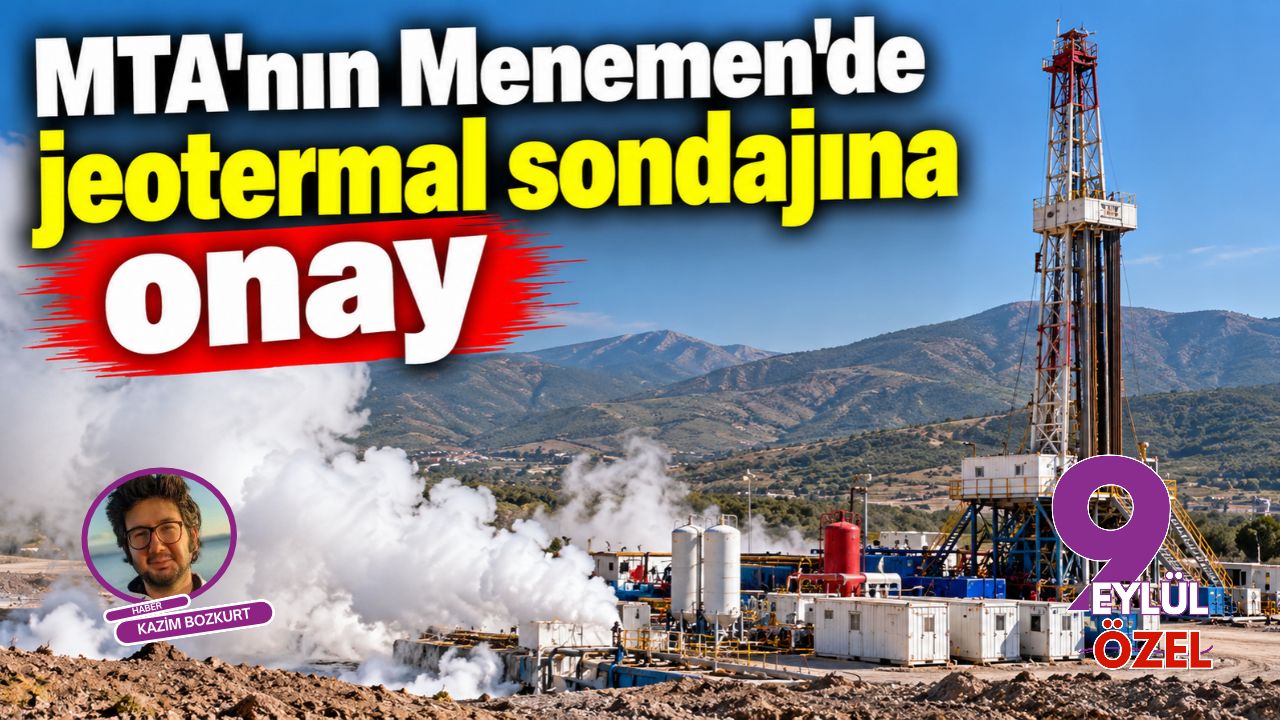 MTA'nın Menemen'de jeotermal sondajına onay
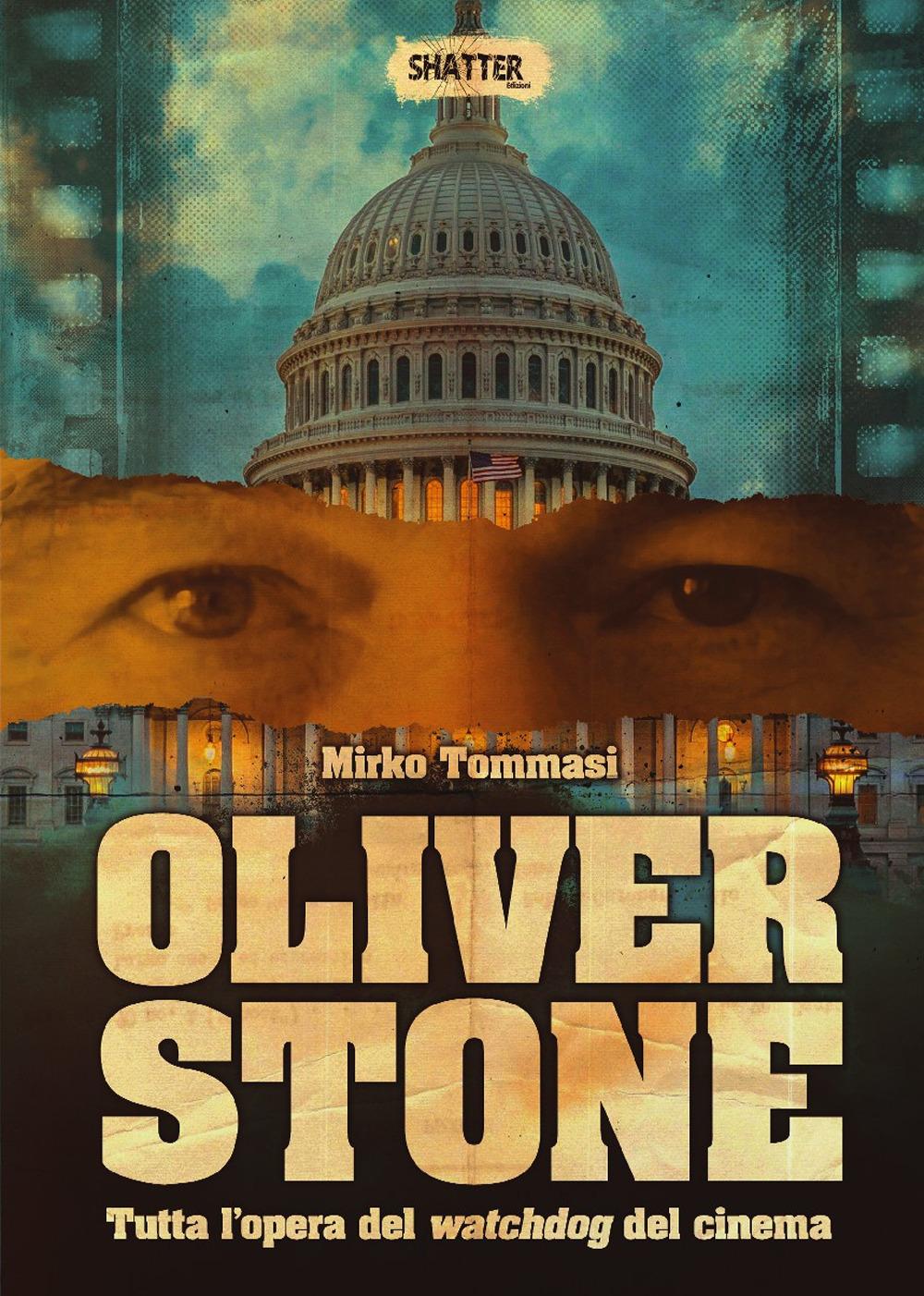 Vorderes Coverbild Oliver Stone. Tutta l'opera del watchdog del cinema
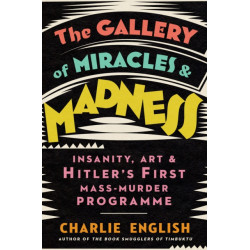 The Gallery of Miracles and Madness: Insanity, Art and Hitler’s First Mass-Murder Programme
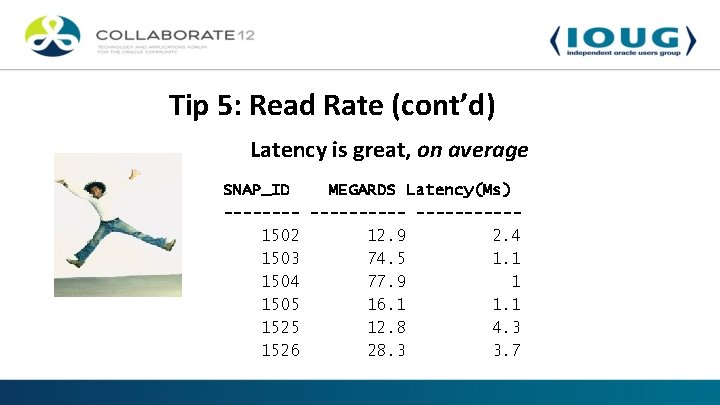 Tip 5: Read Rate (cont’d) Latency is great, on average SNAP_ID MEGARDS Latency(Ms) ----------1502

(DIRECTIONS) Every line from the one that holds "The Gallery of" to the end of the listing should be output exactly, with pictures left out, please.

(PROBLEM SOLUTION)
 The Gallery of Miracles and Madness: Insanity, Art and Hitler’s First Mass-Murder Programme
 Tip 5: Read Rate (cont’d) Latency is great, on average SNAP_ID MEGARDS Latency(Ms) ----------1502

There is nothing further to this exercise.